Dengan angkara tak tertahan, menderas hujan menusuk wajah serta petir menjilat-jilat, menggelegar, tak terhiraukan lagi. Ametung menghunjamkan tombak ke bumi, bersimpuh kemudian mengacungkan keris ke langit. Sejurus kemudian dia menumpahkan kesumpekan, menyerapah dan mengutuk, menerjang-nerjang, meraung-raung…
“Arok! Manusia macam apakah dirimu! Merendahkan martabat para ksatria dengan mengobrak-abrik bahtera kerajaanku. Lalu, dengan penuh muslihat kaucuri permaisuriku dari singgasana. Tak adakah jalan kehidupanmu lebih mulia, kecuali kau isi dengan petaka? Arok, sejak semula aku tak percaya semua omongan adipati, perwira, punggawa, dan telik sandi bahwa kau bukan manusia!"
“Namun sejak kejadian ini…. Binatang! Muslihat apakah yang kau gunakan sampai permaisuriku serta merta, seakan penuh kerelaan berpaling dariku ke pelukan berandalan yang berleluhur tak jelas, sepertimu!
“Arok! Tidakkah kau malu pada dirimu sendiri bahwa tindakanmu ini penuh kenistaan? Tidakkah kau rasakan kepedihan hati ini, ditelikung istri atas nama bujuk rayu musuh besarnya?! Bukankah kau juga lelaki, Arok?! Tak pernahkah kau rasakan keperihan dikhianati sigaraning nyawa?! Tidakkah tersirat dalam benakmu yang cemerlang itu, pada saatnya pelacur ini akan berkhianat untuk kali kedua demi sekeping takhta atau apa pun namanya?”
Emosi Ametung makin pekat. Air mata mengintip dari kerut kelopak mata, hendak merinaikan butiran-butirannya. “Duhai Dedes, jangan pernah kau ulang khianatmu kepada siapa pun.
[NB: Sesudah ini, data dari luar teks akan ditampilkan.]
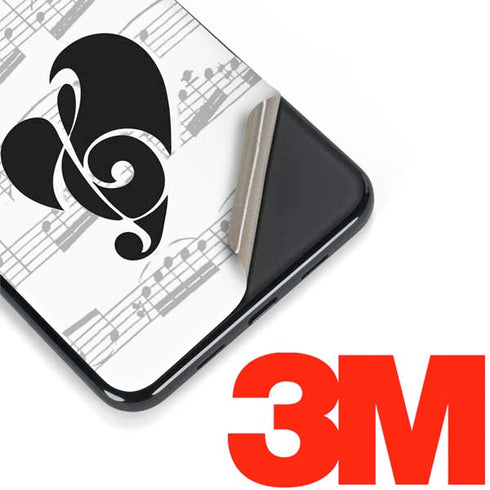 BW Musical Notes Google Pixel 3a Skin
Tidak juga pada seekor anjing, bahkan demi nirwana sekalipun. O Dedes, pergilah kau dengan kutukanku!”
Seketika, petir menjilat keris Ametung. Kecupan petir di pucuk lengkung kerisnya menimbulkan gelegar, menulikan telinga siapa pun di sekitarnya. Kilauan petir cuma menyisakan silau beberapa jenak di mata Ametung. Untung, semua patih, punggawa, perwira, dan para pengawal dari pakuwuan sejak semula telah sumingkir begitu sang akuwu dari Tumapel itu mengumbar angkara.
“Akuwu!”
Demi mendengar suara tak asing lagi di telinganya dan melihat sosok Arok, Ametung beringsut tegak dengan kedua kakinya, seraya merapikan diri. Seketika, ia menyimpan rapi air mata, serta menata hati dan pikiran selayaknya ksatria.
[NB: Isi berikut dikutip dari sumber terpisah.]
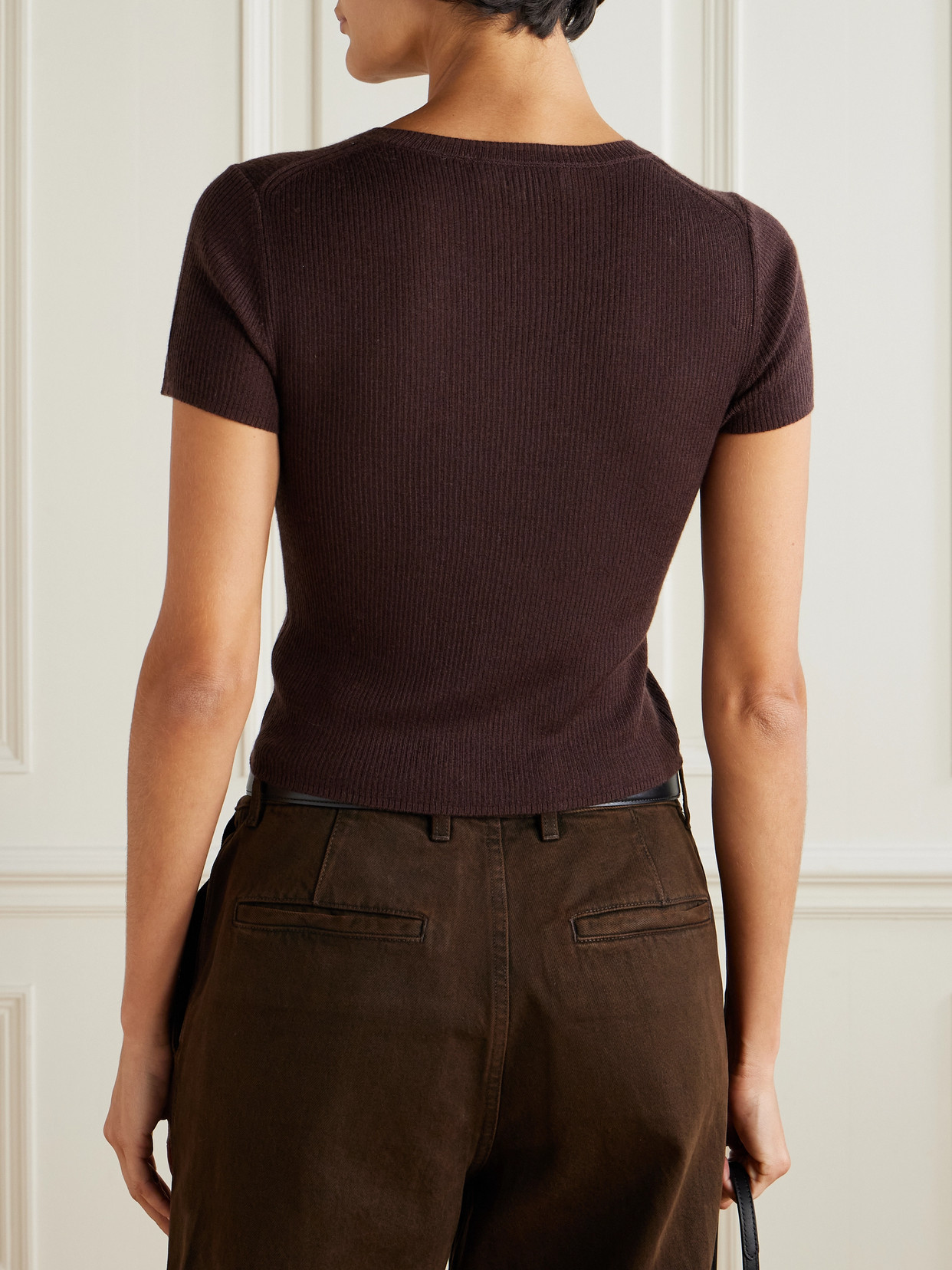 Éterne - Baby Tee Cropped Ribbed Cashmere T-Shirt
“Tak adakah perilaku seorang raja yang lebih bersahaja, selain menceracau dan mengumbar rasa belaka seperti seorang pemuda bercerai dari pasangannya? Tak adakah perkara yang lebih menyita perhatianmu selain masalah wanita?”
Sindiran Arok membuat Ametung yang hampir kuasa mengatasi dirinya makin tajam menombakkan pandang ke arah musuh besarnya. Yang sekarang telah jelma tepat di depan ke dua biji matanya, meski ketajamannya memudar dirongrong usia. Arok hanya sekitar duapuluh langkah orang dewasa di depannya.